C’est un parcours assez atypique, qui m’a mené, depuis un plaisir de chanter présent depuis l’enfance, vers une véritable passion pour la voix et l’enseignement du chant.
Comme beaucoup d’adolescents, m’accompagnant à la guitare, le chant était d’abord mon monde où je m’évade et me décharge de tous les mots que j’ai à dire. Cabrel, la chanson anglo-saxone, Brel, constituaient mon premier terrain de jeu.
Puis, un déclic, qui bouleversera ma trajectoire.

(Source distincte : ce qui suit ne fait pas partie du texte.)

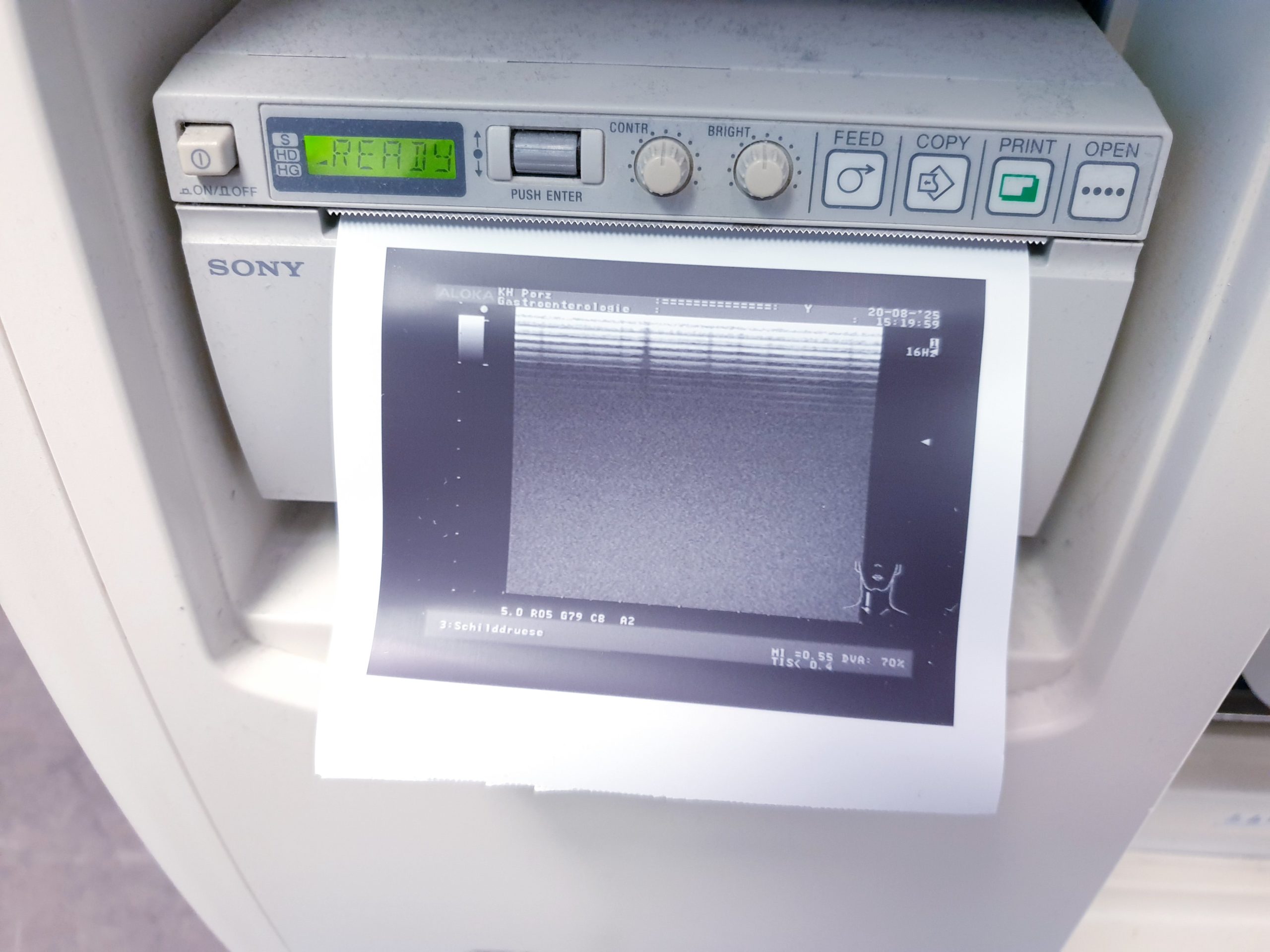 Aloka UST-5712 - UST 5712 Linearsonde – Bild 22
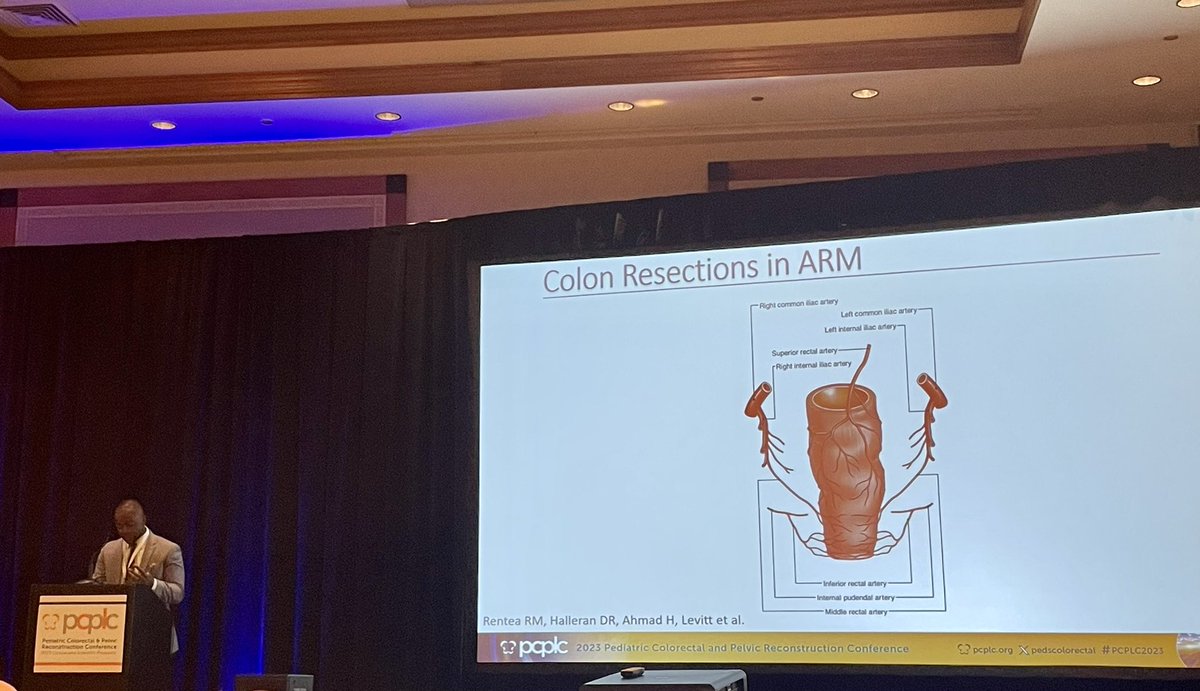 Great presentation by <a href="/GoetoD/">Goeto Dantes, MD</a> on colorectal resections in pediatric ARM at #PCPLC2023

Un récital de chants sacrés, le Maître de musique et la voix envoûtante de José Van Dam, je découvre le chant lyrique, et suis instantanément fasciné par l’incroyable richesse que peut développer la voix humaine, et la profonde émotion qu’elle provoque en moi. Je décide de m’inscrire à des cours de chant, qui très vite prennent le dessus sur tous mes centres d’intérêt. En plus de mes propres cours, mes temps libres je les passe, assis discrètement dans la classe de chant, à écouter les autres élèves et les conseils et exemples du professeur, forgeant mon oreille et ma technique. Le professeur, conscient de ma passion, me propose de me préparer pour l’examen d’entrée au Conservatoire Royal. J’y entre l’année suivante et j’y obtiendrai d’emblée un second prix dans la classe de chant opéra.
Et puis c’est là que mon parcours prend une trajectoire inattendue, qui sans doute forgera plus que tous les cours que j’ai eu, le futur professeur de chant que je suis aujourd’hui. Ma voix commence à ne plus fonctionner. Mes professeurs, impuissants, me sermonnent à tour de bras de ne pas me prendre la tête. C’est la descente aux enfers. Les médecins, les ORL, les examens, les logopèdes… Chacun y va de sa théorie. Mais personne n’a de solution. Renvoyé du Conservatoire à mon second concours, après m’avoir prédit la plus belle carrière, on me dit que je n’ai pas la voix pour faire ce métier. Et là je m’accroche, je me dis qu’ils ont tort. Je décide de ne plus écouter que ma sensibilité, d’abord pour faire le tri dans tout ça, comprendre, ressentir et tenter de reconstruire ma voix, loin des influences. Des centaines d’heures de travail d’écoute, de lecture, ressentant ce qui fonctionne et rejetant le reste. Et aussi, des clés essentielles d’un professeur de chant privé italien qui, le premier, m’a remis sur les bons rails.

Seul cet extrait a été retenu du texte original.